## Wednesday, June 8, 2011

### Data Mining the NBA - Players Most Similar to Michael Jordan

Professional sports are chock full of numbers and statistics, which are possibly the most widely consumed and readily available mass data sets. For an aspiring data geek and long time sports fan, applying data mining techniques to sports is a fun and interesting way to play with various approaches and potentially discover new things from data. Lucky for us, many of these data sets are available online and can be downloaded for free. For NBA data, we can use the great data set provided by databaseBasketball.com that includes comprehensive statistics for the NBA and the ABA from inception until 2009.

When it comes to basketball, the most oft-debated issue is the question of who the greatest player of all time is. However, there's usually little controversy or dissent.

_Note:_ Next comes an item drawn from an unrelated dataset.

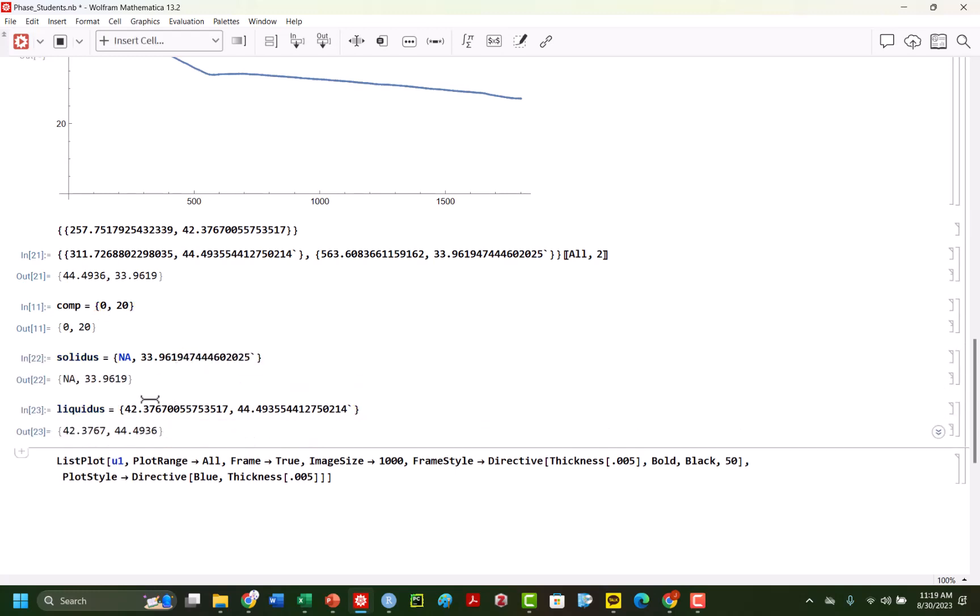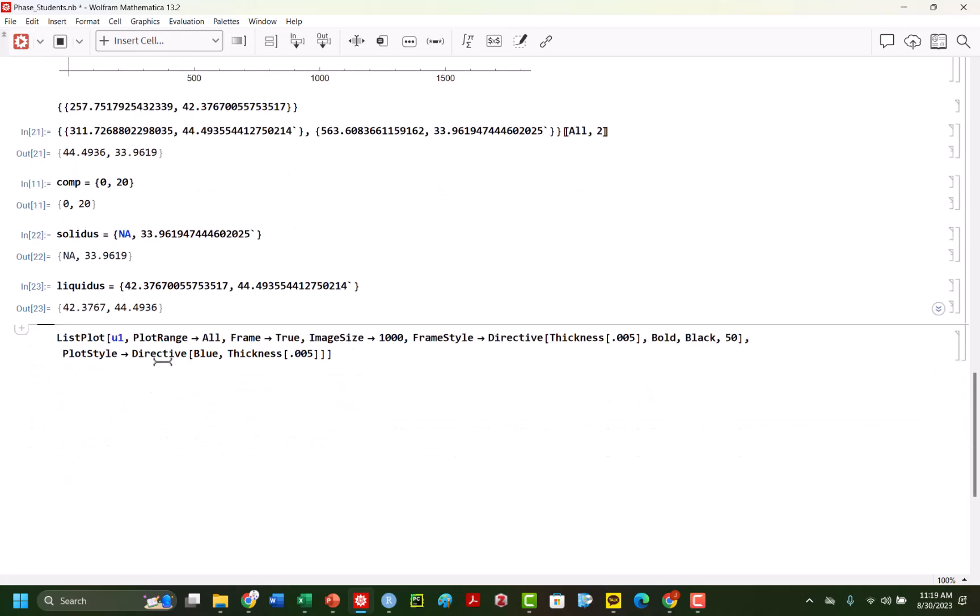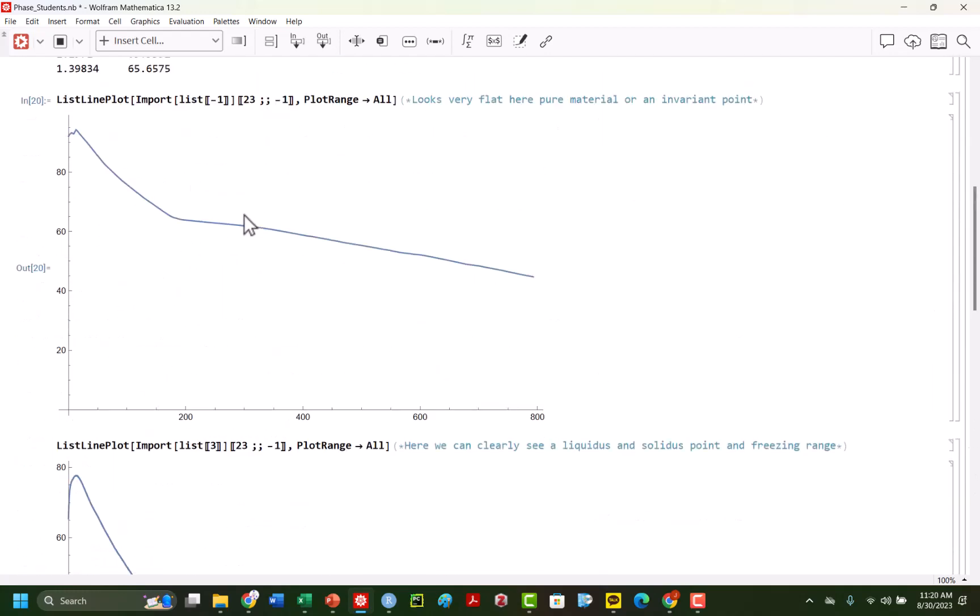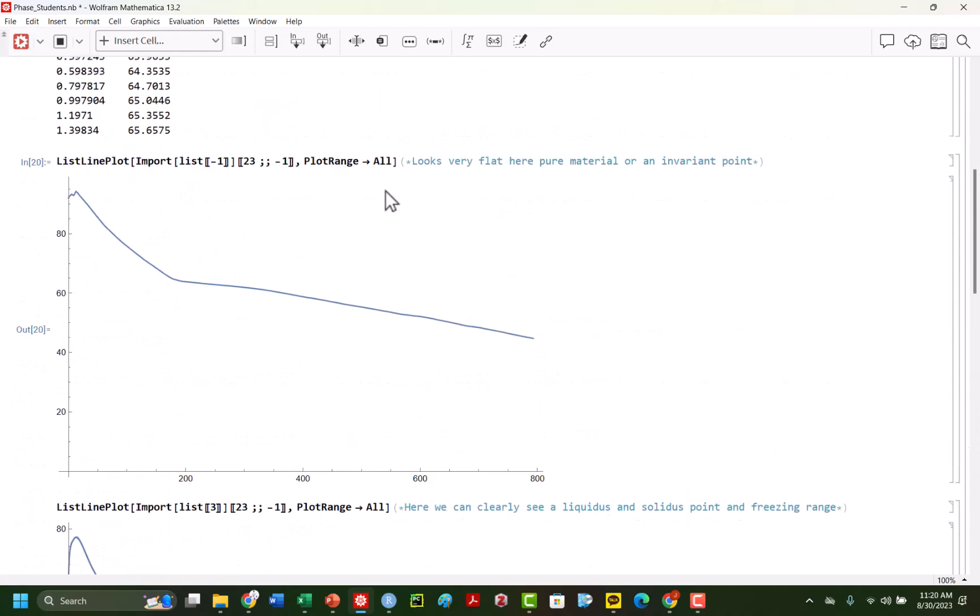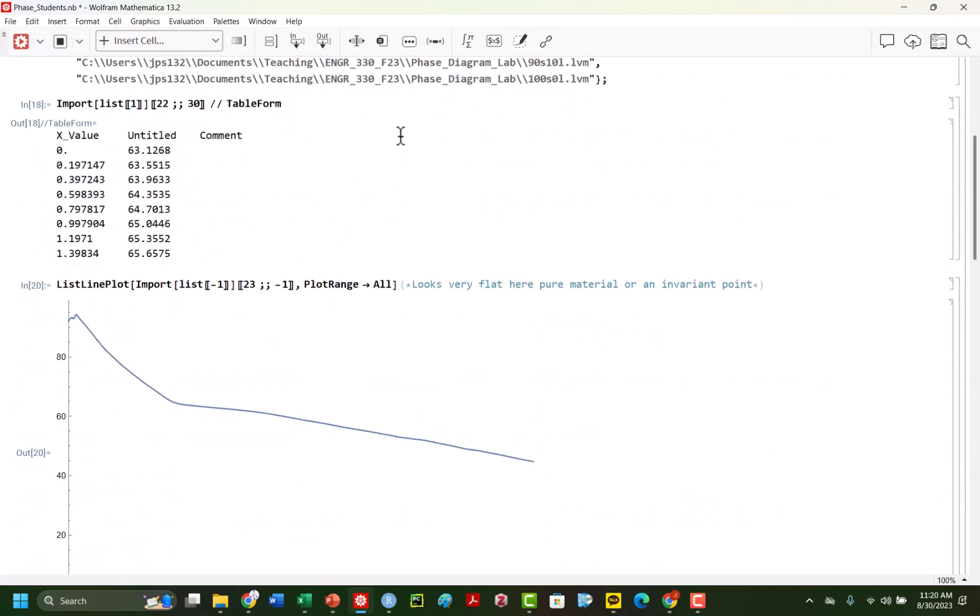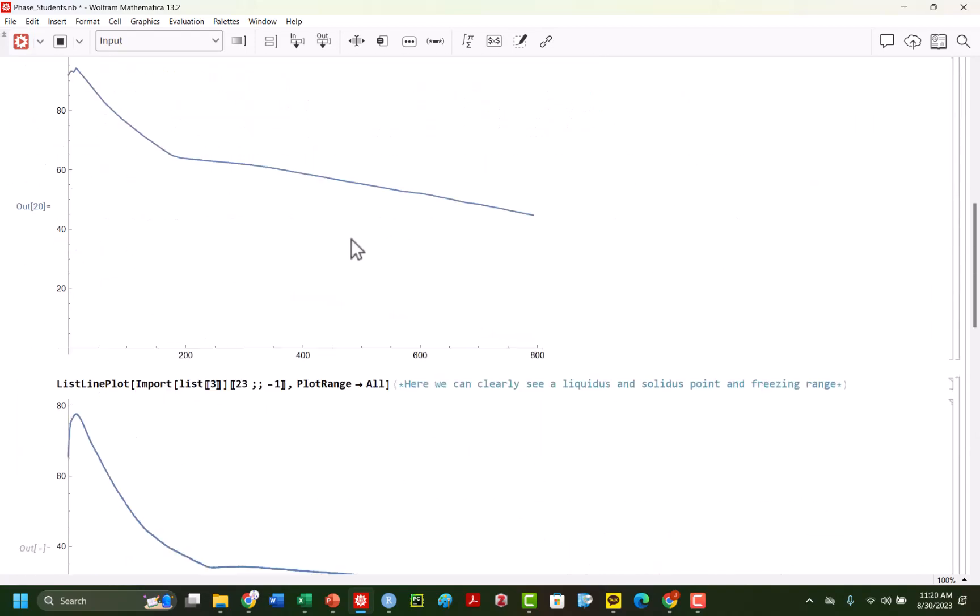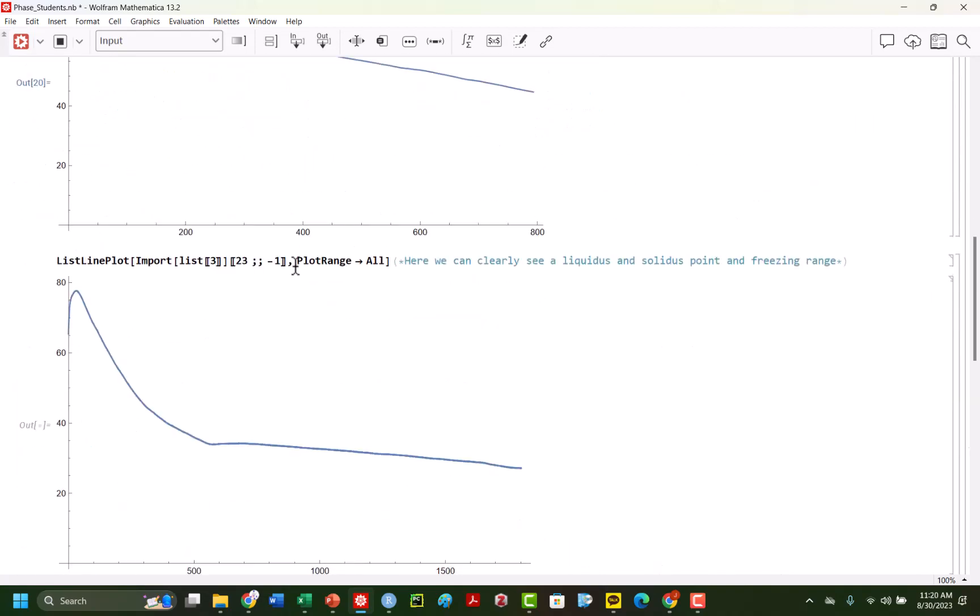we have a solidus, the lower temperature and the liquidus here. So we can do this. And now what I'm going to do, and again, you would do this for every plot here. So it's a lot of work, but I believe in you and you can do it.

Ask almost any fan, analyst, player, coach, or anyone that hasn't been living under a rock in the last twenty years, and they'll likely say it's Michael Jordan. With Jordan's career on the record books and his legacy cemented in the form of six NBA titles, the controversial debates of today circle around who is the heir to the throne of His Airness. One interesting data mining technique that can be applied to throw some statistical weight into the debate is the notion of similarities. That is, finding the players that are the most statistically similar to Michael Jordan. That may give us some good insight into who is most Like Mike.

Euclidean Distance

There are many different measures of similarity. For starters, we're most interested in similarity measures that can compare vectors of real numbers. Since we have player statistics at our disposal, it seems most natural to use career stats such as points, rebounds, and assists to perform the comparisons. To start, we can use a basic, intuitive measure of similarity by calculating the Euclidean distance between two vectors of player statistics. To normalize the comparisons, we'll take all statistics at a per game level. Additionally, we'll strive for completeness and compare all statistical categories provided in the dataset, which include points, rebounds (offensive and defensive), assists, steals, blocks, turnovers, fouls, field goals (attempted and made), free throws (attempted and made), and three-pointers (attempted and made).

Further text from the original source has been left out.